Agree with @Yiannaki above.

Reactions: Like 1


----------



## JakesSA

Interestingly Samsung lists the max continuous discharge as 2C and capacity as 2,850 making it 5.7A, see here. 

The INR18650-20R and INR18650-25R are the only Samsung batteries I know of that are commonly available and suitable for high powered vaping. They are, perhaps appropriately, listed under the "Power Tool" section of the same web site..

Reactions: Like 1 | Informative 3 | Useful 1


----------



## Snape of Vape

Thanks guys, I guess I'll just leave these in a cupboard or such as I have no use for them anymore. 

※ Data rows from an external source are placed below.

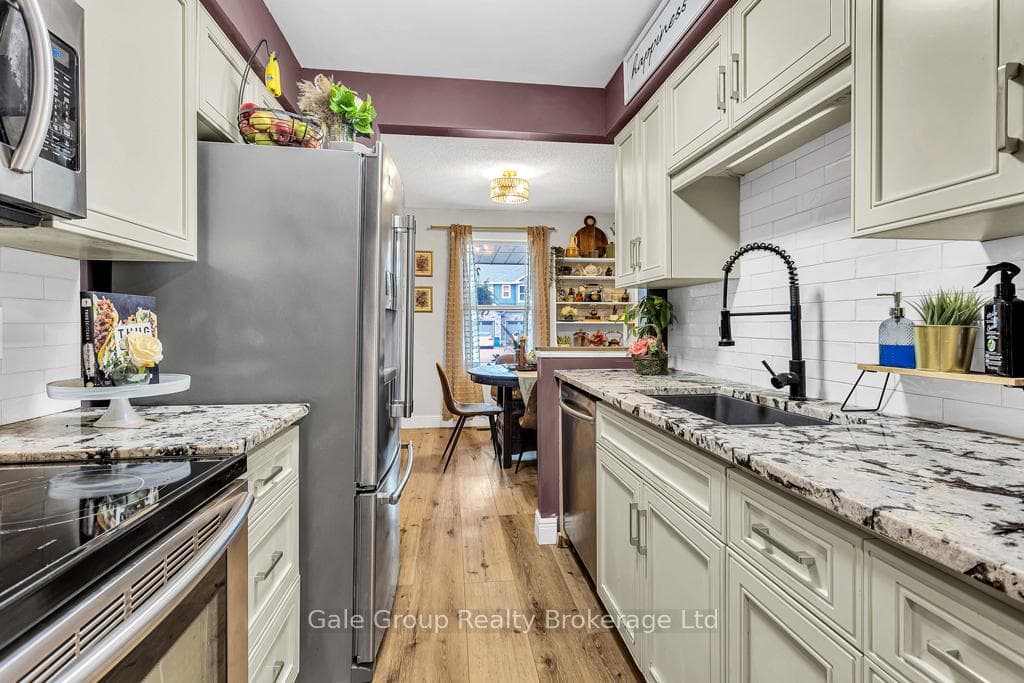 39 BLANDFORD Street Unit 4 photo 6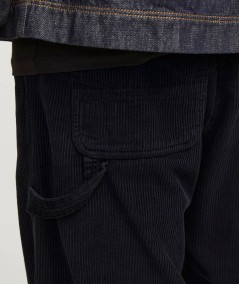 Pantalón negro de pana para looks modernos y urbanos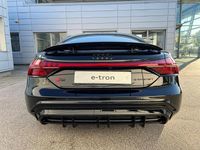 Gebraucht Audi e-tron GT quattro Basis 439 kW (598 PS) 2024 Mythosschwarz metallic Limousine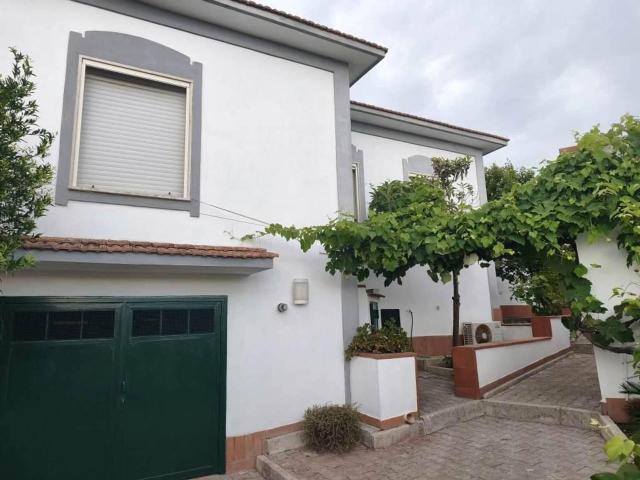 Casa indipendente in vendita a Giugliano In Campania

Luckily I still have some vtc4 batteries that I can use. Glad I asked and confirmed that these shouldn't be used anymore.

Reactions: Like 1


----------



## Mike

@Snape of Vape how much did they set you back? I might have a use for them


----------



## Snape of Vape

@Mike honestly can't remember.


----------